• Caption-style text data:
•••••
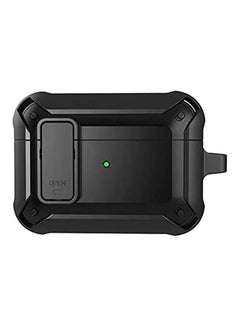 Buy For Airpods Pro Case Soft Tpu Pc Armor With Lock Cases Shockproof Tpu Cover For Apple Airpods Pro Black in Egypt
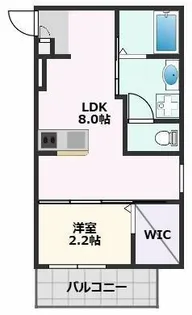 リアコート千里丘ⅡNORTH【1階】の間取り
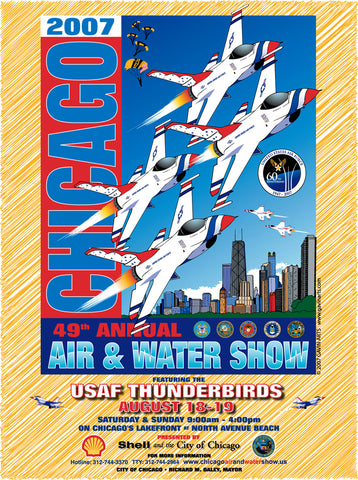 Chicago Air & Water Show 2007 Poster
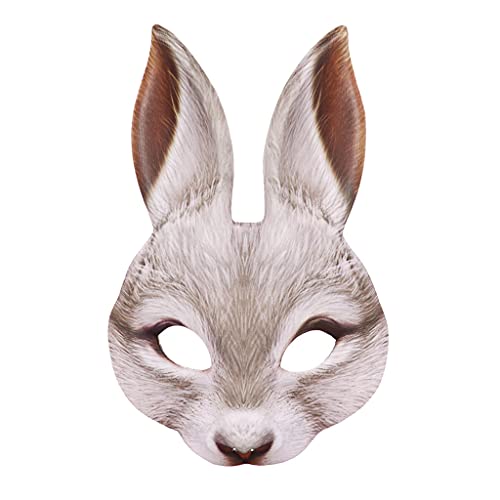 Diogeynu Für Maskerade Party Halloween Tier Cosplay Ostern Halbgesichtskostüm Cosplay von Diogeynu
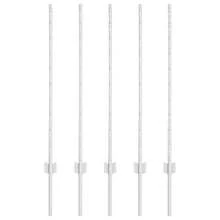 Zaunpfosten 5 pcs Silber 100 cm Stahl - A - Visualizzare 2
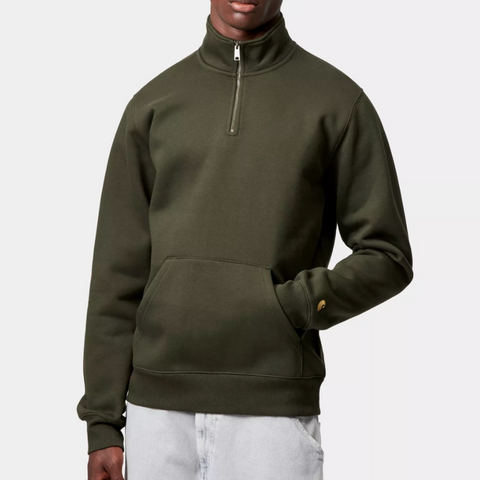 Sweat Carhartt WIP col montant zippé olive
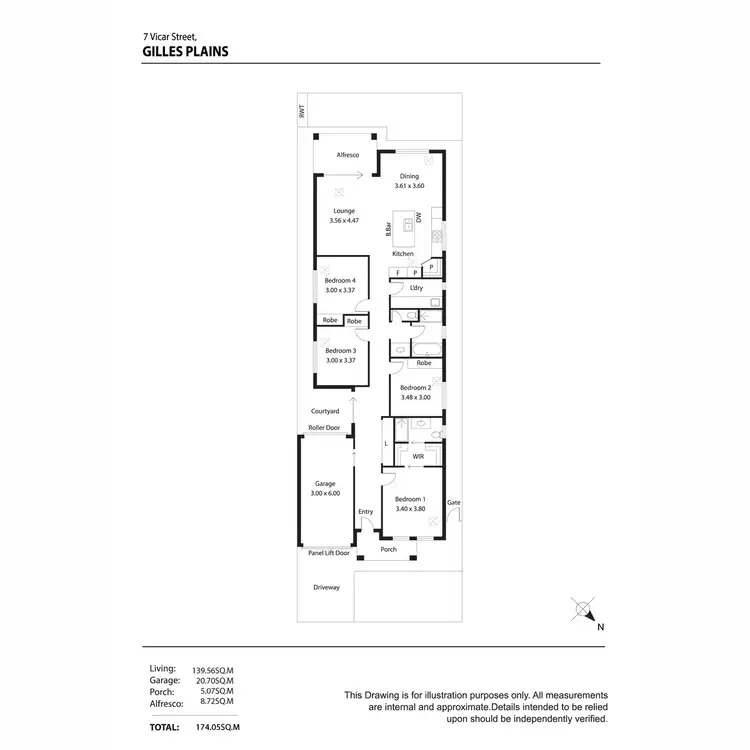 Floorplan of Homely house listing, 7 Vicar Street, Gilles Plains SA 5086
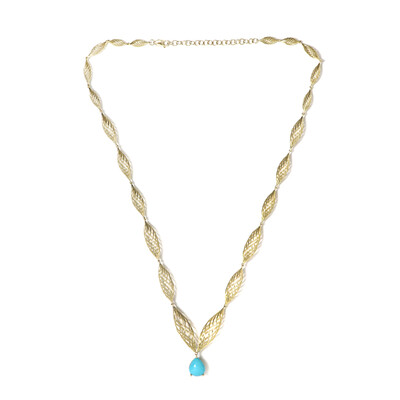 Collana in oro con Turchese Sleeping Beauty (Ornaments by de Melo)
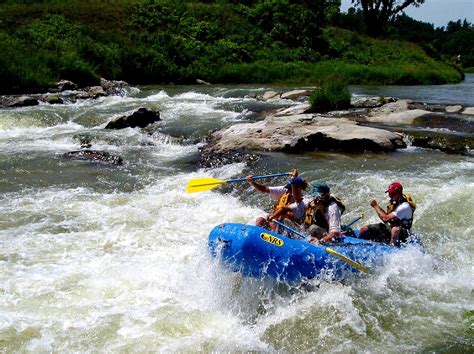 Whitewater Rafting Levels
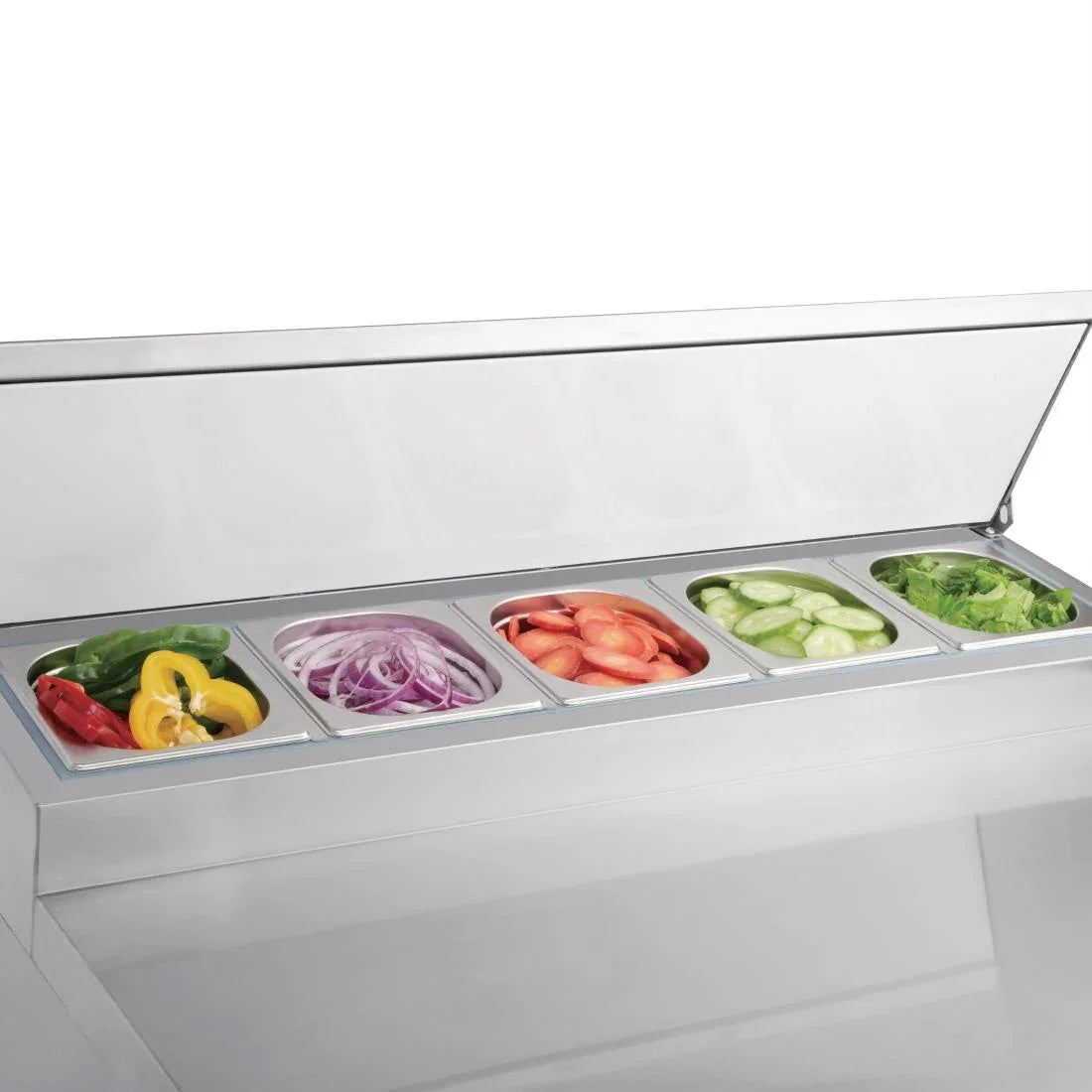 G604 Polar G-Series Pizza Prep Counter Fridge - JD Catering Equipment Solutions Ltd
•••••
• Exercise: Every line from the one holding "Floorplan of Homely" through the final line of the data above is to be reproduced exactly, both ends included, with the pictures left out.

• Output for this exercise:
 Floorplan of Homely house listing, 7 Vicar Street, Gilles Plains SA 5086
 Collana in oro con Turchese Sleeping Beauty (Ornaments by de Melo)
 Whitewater Rafting Levels
 G604 Polar G-Series Pizza Prep Counter Fridge - JD Catering Equipment Solutions Ltd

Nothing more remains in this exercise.